Here the first length has the value 2, but its scope local to the brackets. Outside the brackets, length means what it has always meant. Nothing has been edited, just a more local variable has been introduced that happens to have the same name as another one in a different scope. Let's make ghci mad by omitting the brackets and making it try to make length a number and a function:

*Main> let length = 2 in show length ++ ' ':show (length "Hello")

<interactive>:1:14:
    No instance for (Num ([Char] -> a0))
      arising from the literal `2'
    Possible fix: add an instance declaration for (Num ([Char] -> a0))
    In the expression: 2
    In an equation for `length': length = 2
    In the expression:
      let length = 2 in show length ++ ' ' : show (length "Hello")

<interactive>:1:19:
    No instance for (Show ([Char] -> a0))
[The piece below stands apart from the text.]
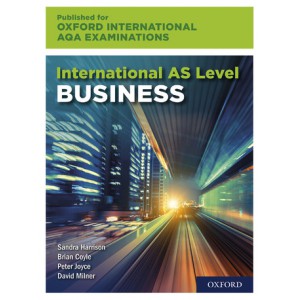 Oxford International AQA Examinations: International AS Level Business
      arising from a use of `show'
    Possible fix: add an instance declaration for (Show ([Char] -> a0))
    In the first argument of `(++)', namely `show length'
    In the expression: show length ++ ' ' : show (length "Hello")
    In the expression:
      let length = 2 in show length ++ ' ' : show (length "Hello")

And here's your example:

*Main> let e = exp 1 in show e ++ " " ++ let e = 2 in show e
"2.718281828459045 2"

I'll add brackets to emphasise the scope:

*Main> let e = exp 1 in (show e ++ " " ++ (let e = 2 in (show e)))
"2.718281828459045 2"

The first e is hidden rather than edited. Referential transparency is preserved, but it's definitely bad practice because it's hard to follow.

---

Now secretly the interactive prompt is a bit like one big do block in the IO monad, so let's look at that:

testdo = do
  let e = exp 1
  print e
  let e = 2
  print e

Now I have to admit that looks an awful lot like breaking referential transparency, but bear in mind that this looks like it does too:

testWrite = do
   writeFile "test.txt" "Hello Mum"
   xs <- readFile "test.txt"
   print xs
   writeFile "test.txt" "Yo all"
   xs <- readFile "test.txt"
   print xs

Now in what sense have we got referential transparency? xs clearly refers to two different strings. Well, what does this do notation actually mean? It's syntactic sugar for

testWrite = writeFile "test.txt" "Hello Mum"
         >> readFile "test.txt" 
         >>= (\xs -> print xs 
         >> writeFile "test.txt" "Yo all"
         >> readFile "test.txt"
         >>= (\xs -> print xs))

Now it's clearer that what looks like assignment is just local scope again. You presumably are happy to do

increment :: [Int] -> [Int]
increment = \x -> map (\x -> x+1) x

Which is doing the same thing.

---

Summary
What appeared to be assignment is just introduction of a new local scope. Phew. If you use this a lot, you make it very unclear what your code means.